Method 2: Use a CFG file to map IP addresses to usernames
In the real world, your proxy server may not log usernames, and you
may not have any way to make it log usernames. A simple alternative,
though not usually as accurate, is to give Sawmill a CFG file which
includes a list of all IP addresses, and the usernames they map to (see
the December 2006 newsletter for a discussion of creating and using CFG
files). Once you have the CFG file, Sawmill will be able to tag every
line of log data with the username (based on the IP address in that
line), and you'll get a Usernames report and field, just as though the
device had logged the username. This is perfect if your IP-to-username
mappings never change, and can be automated using a simple script to
query the LDAP server and generate the CFG file.

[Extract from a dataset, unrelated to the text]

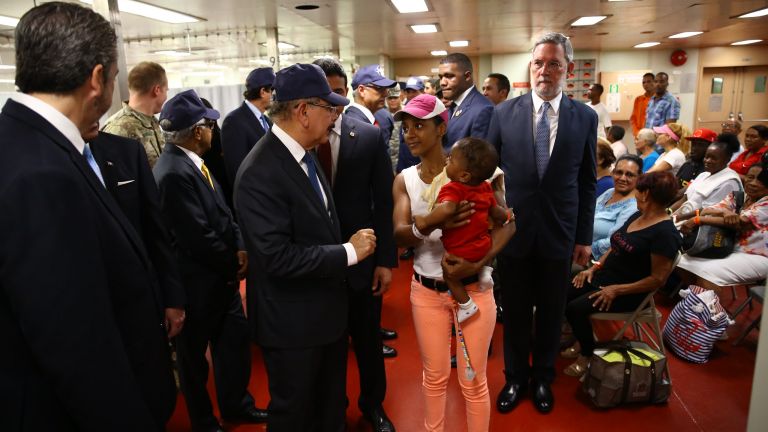 Presidente Danilo Medina visita Buque Hospital Military Sealift Command USNS Comfort de Estados Unidos.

Method 3: Use a timestamped CFG file to map IP addresses to usernames based on time
Method 2 works if IP-to-username mappings never change, but in many
environments they do. You might have a DHCP environment where multiple
users share the same IP addresses; or you might have shared
workstations where one person might be sitting at a particular
workstation one day, and another person might be sitting there another
day. A simple IP-to-username map cannot capture this complexity, and
you would need to choose which single username corresponds to
each IP. If the environment is largely stable, that could still be
fairly effective, but it won't work well for environments where most of
the IPs are dynamic.
If the IPs are highly dynamic, you can use a CFG file which contains
timestamp information for each IP-to-username mapping. The CFG
file could include information about which time range a particular
mapping was valid, and the log filter which converts IPs to usernames
could use the timestamp of the log line to choose which username to
use. In the simplest form, the CFG file could just have multiple dumps
of the authentication server, each one under a timestamped subnode in
the CFG file, and the log filter could find the closest dump to the log
line's timestamp, and use the mappings from there. If the
authentication
dumps are frequent enough, this can approach the accuracy of Method 1.
However, the additional overhead of managing the timestamps and the
much larger CFG file can make log processing much slower with this
approach, versus Method 2 (and with Method 1, there is no overhead at
all).
More sophisticated layouts of the CFG file are also possible,
including methods which eliminate redundancy by using a hierarchical
structure. The precise details of the possible structures of the CFG
file, and the log filter which parses it, are beyond the scope of this
article, but if you need assistance implementing this approach, we can
help you; please contact consulting@flowerfire.com.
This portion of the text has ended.